Mayor of Grand Rapids
- In office 1857
- Preceded by: John M. Fox
- Succeeded by: Gilbert M. McCray

Personal details
- Born: William Thompson Powers July 8, 1820 Bristol, New Hampshire, U.S.
- Died: June 19, 1909 (aged 88) Grand Rapids, Michigan, U.S.
- Party: Democratic
- Spouse: Louisa Hall
- Children: 6

= William T. Powers (industrialist) =

American businessman and politician

William Thompson Powers (July 8, 1820 - June 19, 1909) was an American businessman, politician, and manufacturer.

== Early life and education ==
Powers was born in Bristol, New Hampshire on July 8, 1820. His parents, Jonathan and Anna (Kendall) Powers, were natives of Groton and Hebron, New Hampshire. In 1826, the family moved to Lansingburgh, New York, where he was educated in public schools. When he was 18, learned the trade of cabinet maker. He early showed aptness and skill at machine work, a faculty which ever after proved useful and profitable to him.

== Career ==
In June 1847, Powers and his family, then consisting of his wife and one child, William Henry, came to Grand Rapids following after "uncle" John Ball. His chief business capital at the time was a good trade, about $300, in cash, a pair of willing hands and a spirit of energy and determination. Here he began work in a small shop at the southeast corner of Fountain and Ionia streets, where he rented bench room. Soon afterward he secured better quarters by the east bank of the river above Bridge Street and began working by machinery, using water power; making furniture of nearly all kinds then produced, and chairs, not only for the home trade, but for exportation, and having a salesroom near the foot of Canal Street. In 1850 he formed a partnership with Ebenezer Morris Ball, under the firm name of Powers & Ball, in the furniture trade, their business place being near where is the south entrance to the Arcade.

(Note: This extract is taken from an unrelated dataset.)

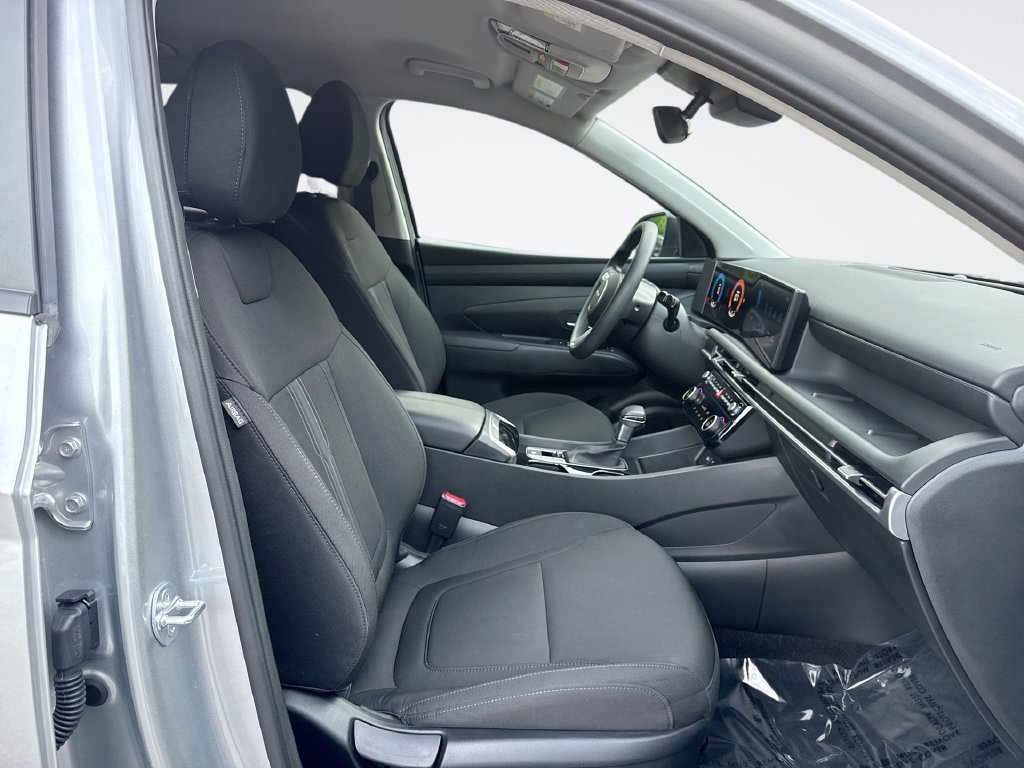 Used 2026 Hyundai Tucson SEL Plus FWD image 25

In 1852 they built a sawmill to which they added a larger structure for a factory, on Erie Street, where the business grew rapidly; soon giving work to some forty employees, and establishing an export trade in ready made stock for chairs, furniture and McCormick reapers. In January, 1855, this partnership was dissolved, and Mr. Powers turned his attention to lumbering, operating a steam mill with a circular saw, the first of its kind in this part of the state, which the firm had built above Leonard Street on the west bank of the river. About the same time he constructed a machine with a gang of circular saws for slitting thick plank into siding and flooring. He added furniture making to his business, and for a time before the Civil War had an extensive sales room on Canal Street, near Erie.

In 1865 and 1866 he purchased the river frontage necessary and in the three following years constructed the West Side Water Power Canal, a description of which is given in Baxter's History of Grand Rapids, Michigan. Powers erected over thirty structure in Grand Rapids for houses, mills, stores, factories and other purposes. Most prominent among these is Powers’ Grand Opera House. Notable in his work, also, is the Arcade artesian well, where so many thousands daily partake of its refreshing waters, free — a public benefaction.

=== Pioneering of Hydropower ===
In 1880 he caused the organizing of an electric lighting plant and company to Grand Rapids, Michigan, the first city lighting by electricity in Michigan. The works were operated chiefly by water power. The first industrial use of hydropower in the United States to generate electricity occurred in 1880, when 16 brush-arc lamps were powered using a water turbine at the Wolverine Chair and Furniture Factory; operated by William H. Powers, his son. In 1885, William T. Powers & Son purchased and moved their operation to the Michigan Iron Works. He served as president of the Electric Light and Power Company for many years, later known as Consumers Electric Light and Power, which has become a part of Consumers Energy.

Besides Powers' enterprises in Grand Rapids, he was engaged in the development of properties in and near Spearfish, South Dakota in the Black Hills region, where he had a water power of some 300 to 400 horse power, some manufacturing buildings, and about 400 acres of land. While in Spearfish he had a saw mill, furniture factory, door and sash company, plaster mine, and mercantile store.

=== Politics ===
He exhibited great interest in the material growth and advancement of Grand Rapids. He was chosen City Treasurer in 1853 and again in 1854, serving two terms. In 1857, he was elected Mayor and served one term, during which he started and gave a lasting impetus to the system of street improvements that has been so prominent a factor in city development and progress.

Powers was a member of the Democratic Party.

== Personal life ==
In 1839, Powers married Louisa Hall, a native of London, England. The couple had six children. Powers died in Grand Rapids, Michigan on June 19, 1909.